### TASK GOAL
Output the data verbatim, minus the images.

----

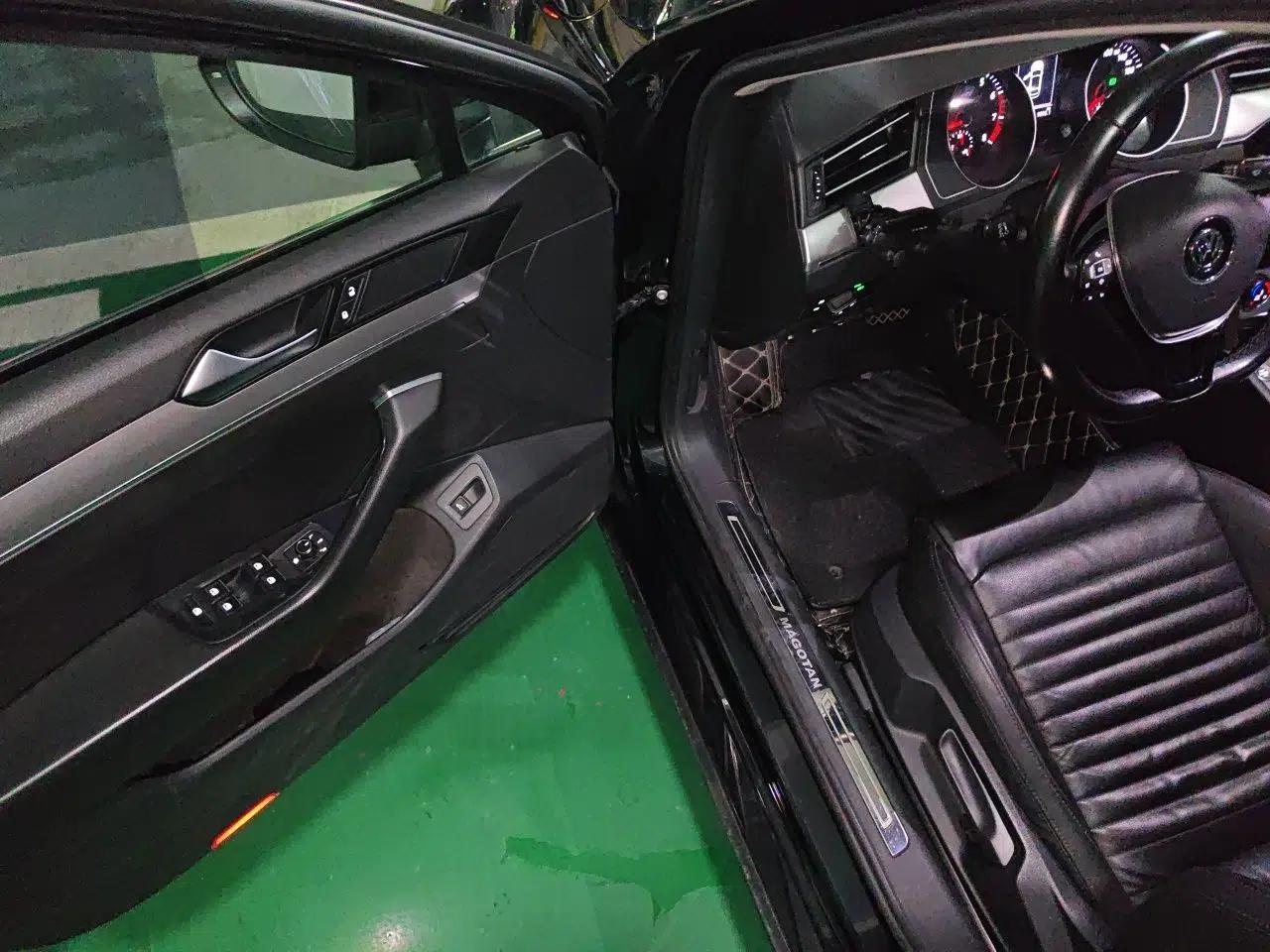 Volkswagen Magotan 2019 280TSI DSG Comfort Model China VI Standard — миниатюра 16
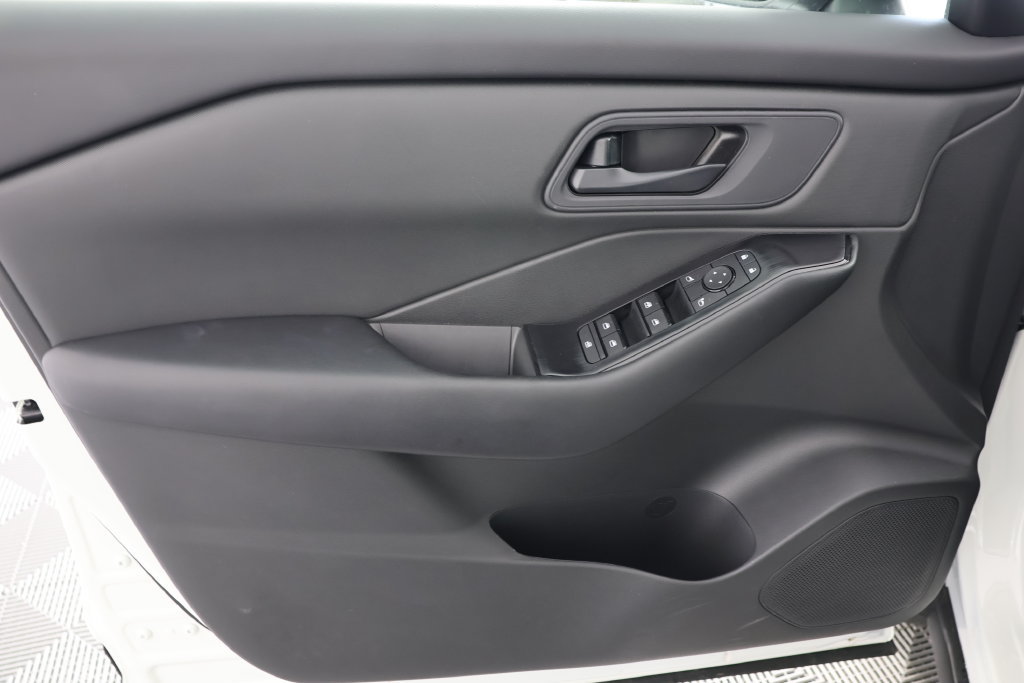 Used 2026 Nissan Rogue S FWD image 23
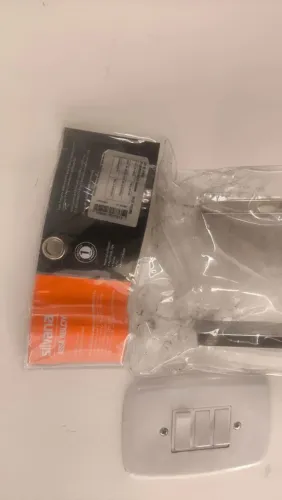 PUXADOR 1METRO RETO SILVANA ASSA ABLOY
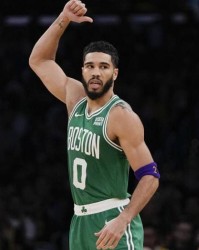 开云网址-美媒：塔图姆一直在积极招募利拉德加盟凯尔特人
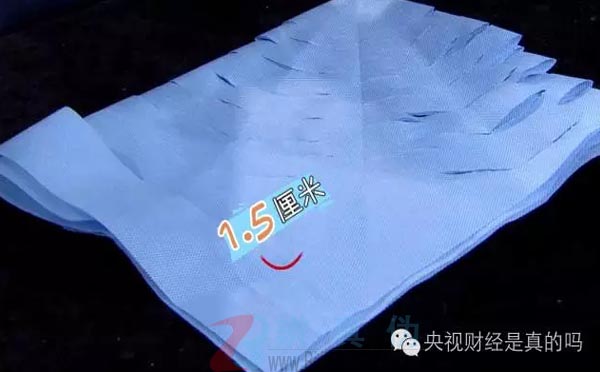 不用针线就能自制购物袋是真的。再向下剪1.5厘米的小口就可以了——辨真伪网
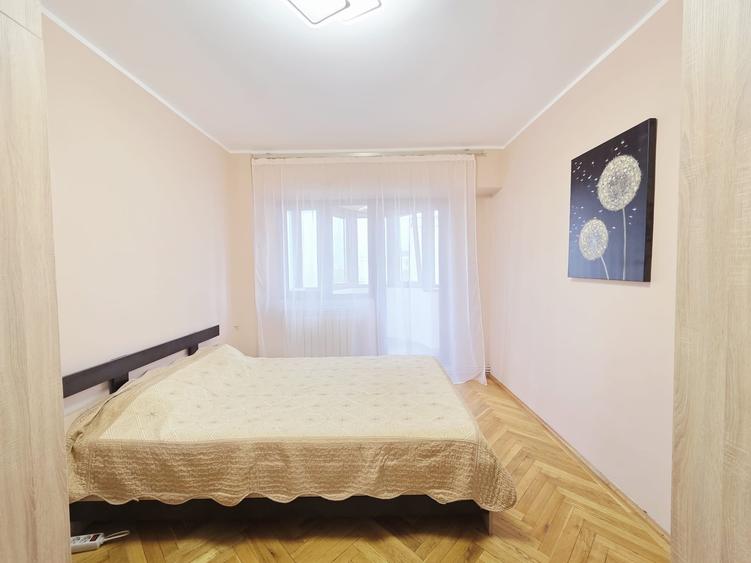 Apartament cu 3 camere decomandat în Mazepa 2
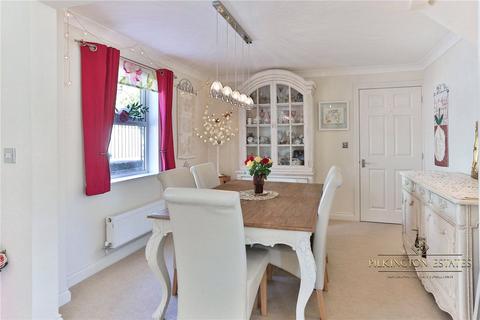 4 bedroom detached house for sale, Chestnut Close, Saltash PL12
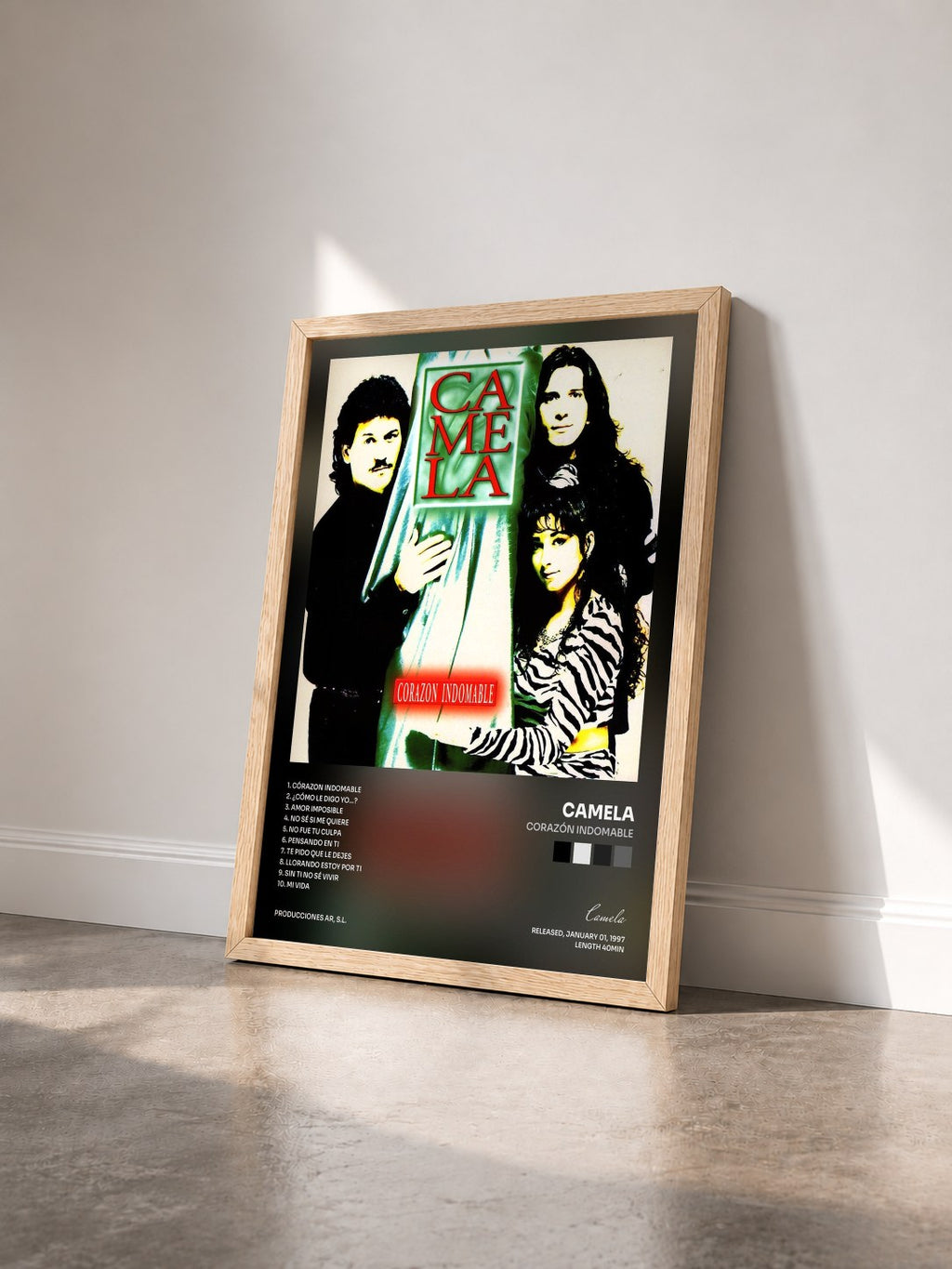 #bois Tableau de l'album Corazón Indomable de Camela vu de trois quarts, cadre en bois brut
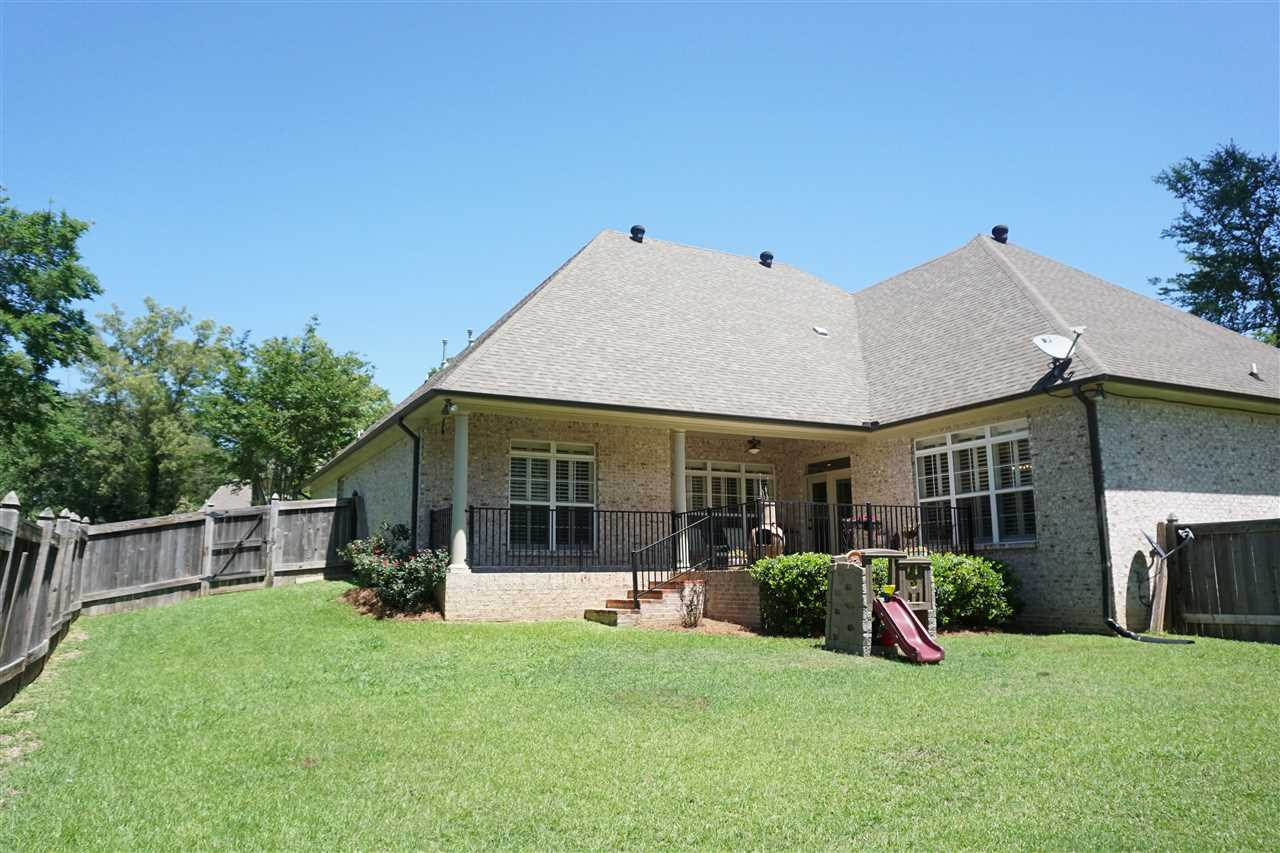 474 Kingsbridge Road Madison, MS 39110 - Photo 31 of 37 Nice Backyard
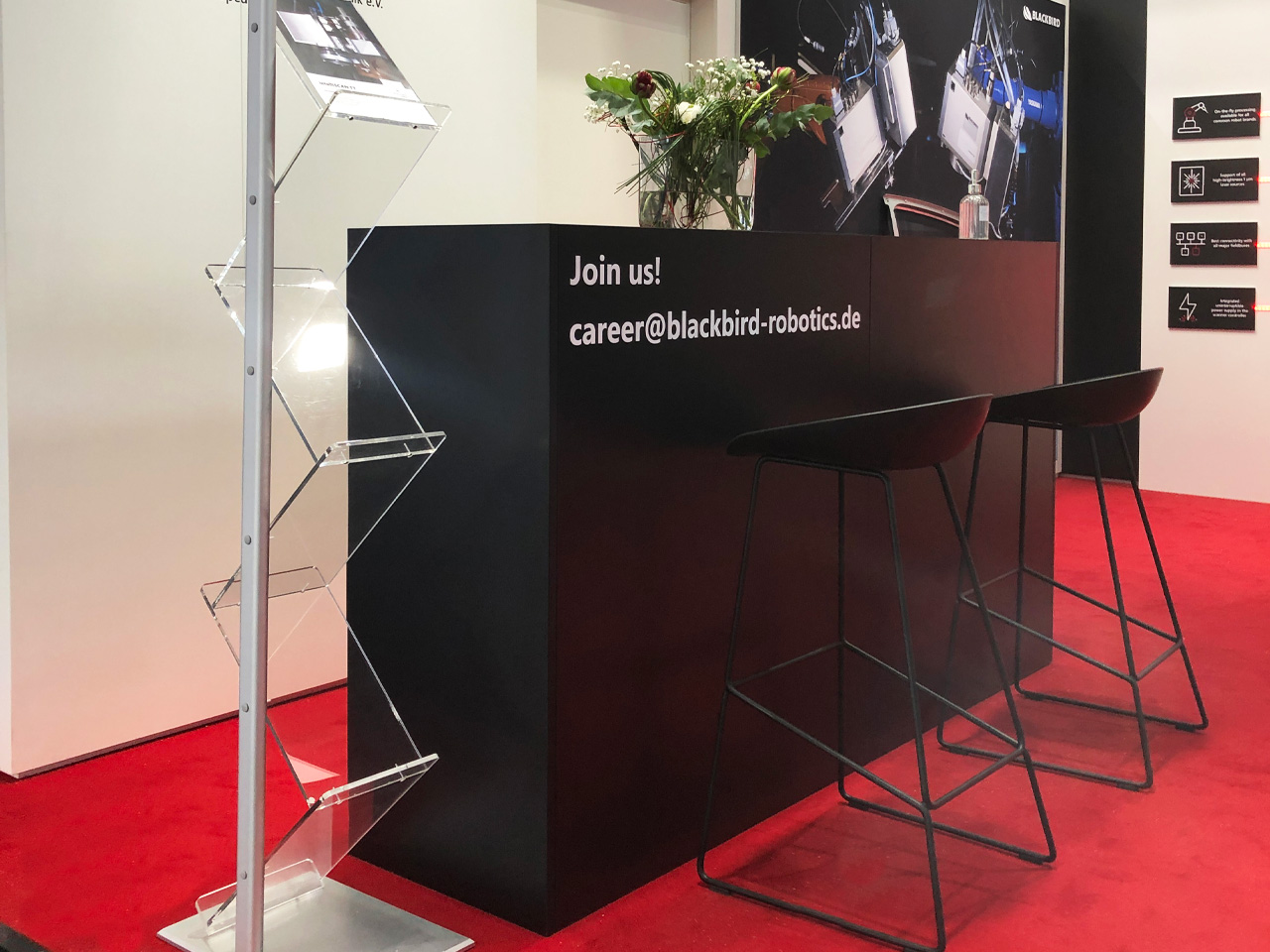 BLACKBIRD Robotersysteme auf der Laser World of Photonics 2022 in München - Messestand by eest! und Mietmöbel von FUNDUS7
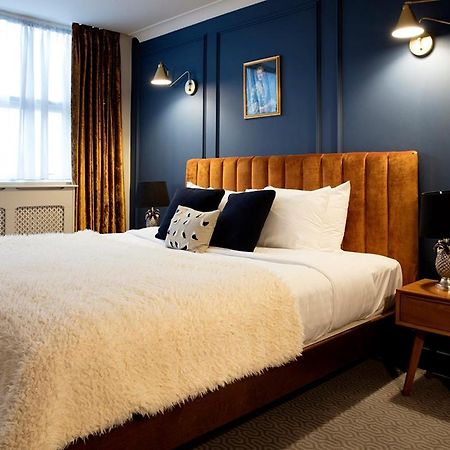 Hotel Cromwell สตีเวนิจ ภายนอก รูปภาพ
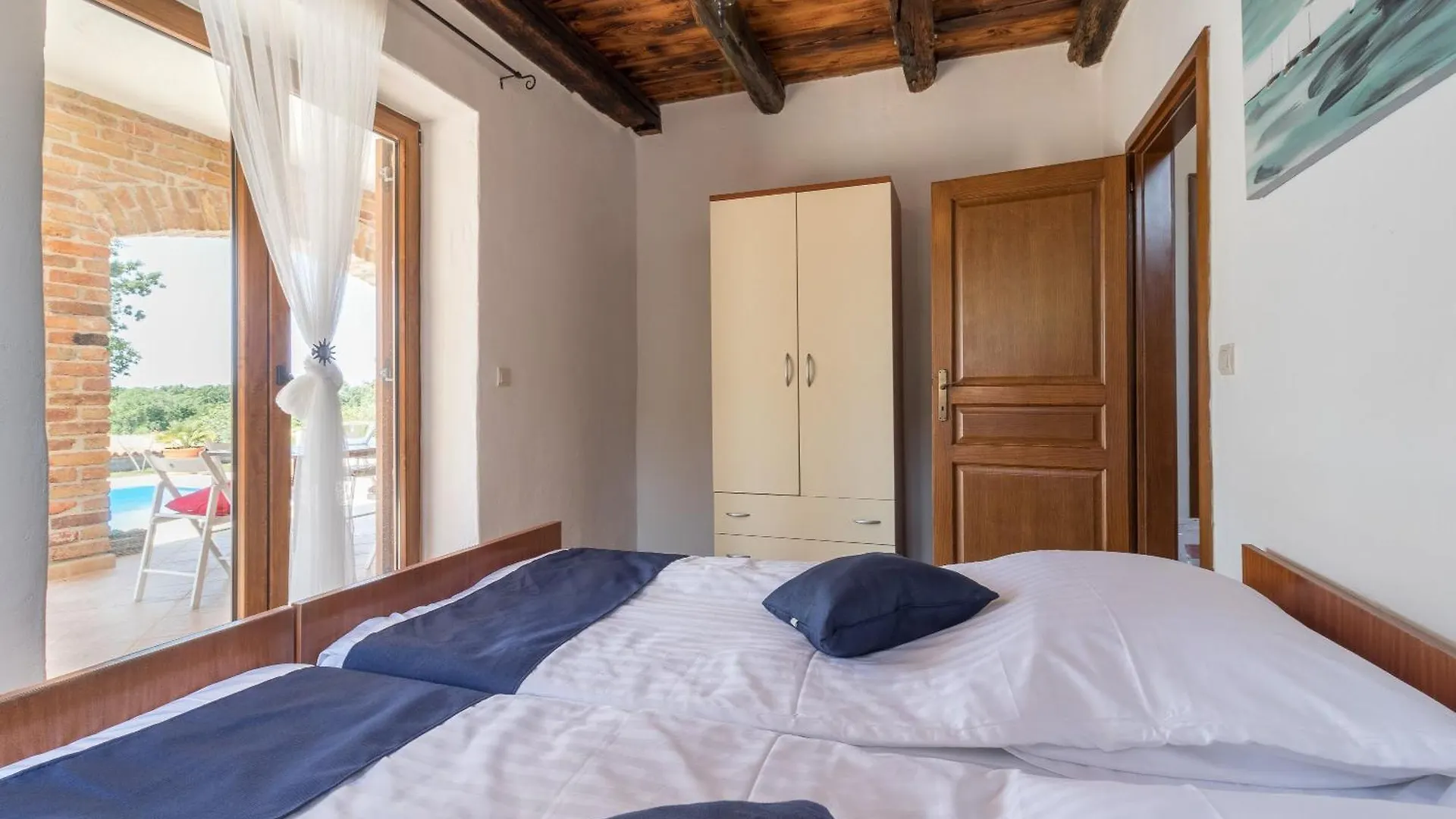 Beautiful Istrian Villa With Private Pool And Private Parking Butkovići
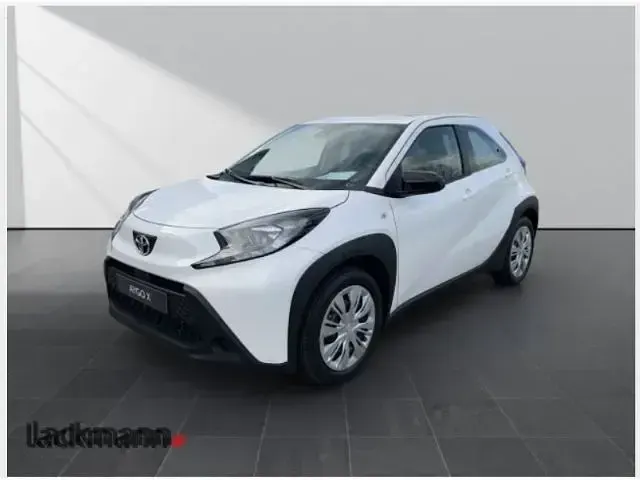 Gebraucht Toyota Aygo X Business Edition 72 PS (52 kW) 2025 SUV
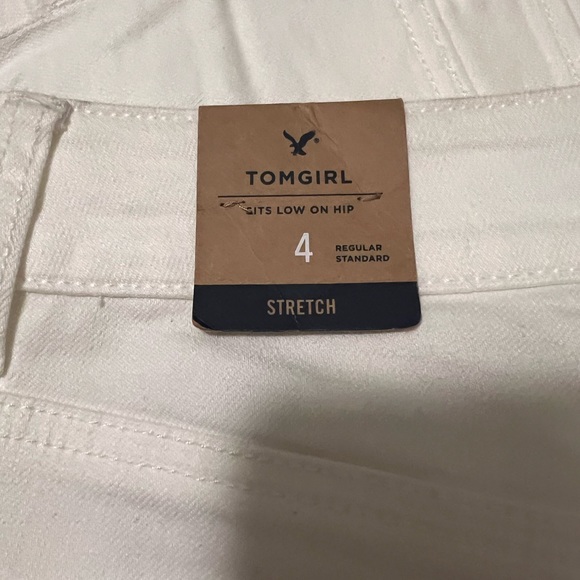 White ripped jeans (american eagle size 4) - Picture 4 of 4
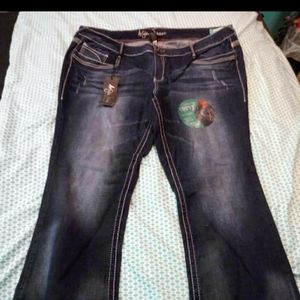 Airya Plus Size Jeans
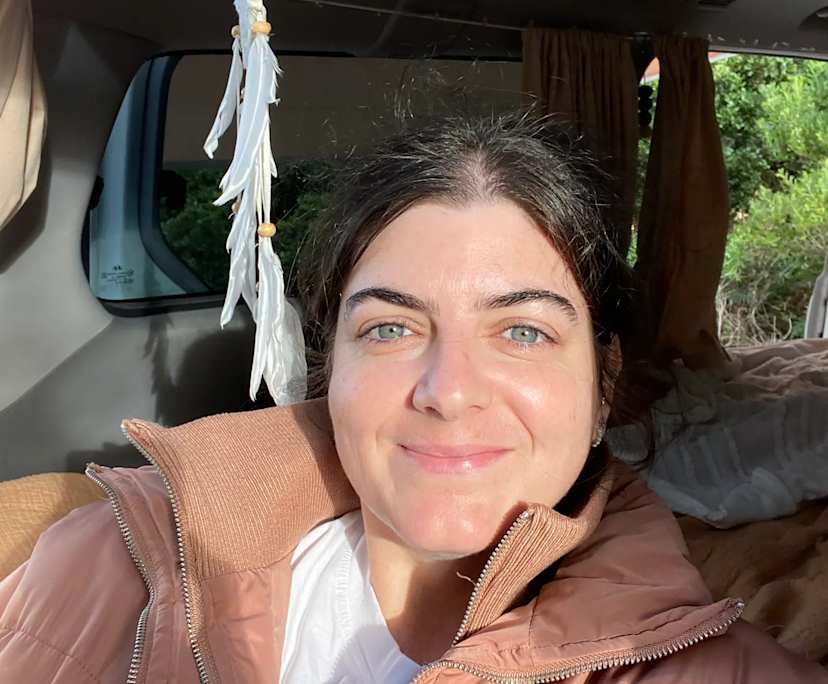 Erin (40), $250, LGBTQIA+, Non-smoker, No pets, and No children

----

### SOLUTION FOR THIS TASK
 Volkswagen Magotan 2019 280TSI DSG Comfort Model China VI Standard — миниатюра 16
 Used 2026 Nissan Rogue S FWD image 23
 PUXADOR 1METRO RETO SILVANA ASSA ABLOY
 开云网址-美媒：塔图姆一直在积极招募利拉德加盟凯尔特人
 不用针线就能自制购物袋是真的。再向下剪1.5厘米的小口就可以了——辨真伪网
 Apartament cu 3 camere decomandat în Mazepa 2
 4 bedroom detached house for sale, Chestnut Close, Saltash PL12
 #bois Tableau de l'album Corazón Indomable de Camela vu de trois quarts, cadre en bois brut
 474 Kingsbridge Road Madison, MS 39110 - Photo 31 of 37 Nice Backyard
 BLACKBIRD Robotersysteme auf der Laser World of Photonics 2022 in München - Messestand by eest! und Mietmöbel von FUNDUS7
 Hotel Cromwell สตีเวนิจ ภายนอก รูปภาพ
 Beautiful Istrian Villa With Private Pool And Private Parking Butkovići
 Gebraucht Toyota Aygo X Business Edition 72 PS (52 kW) 2025 SUV
 White ripped jeans (american eagle size 4) - Picture 4 of 4
 Airya Plus Size Jeans
 Erin (40), $250, LGBTQIA+, Non-smoker, No pets, and No children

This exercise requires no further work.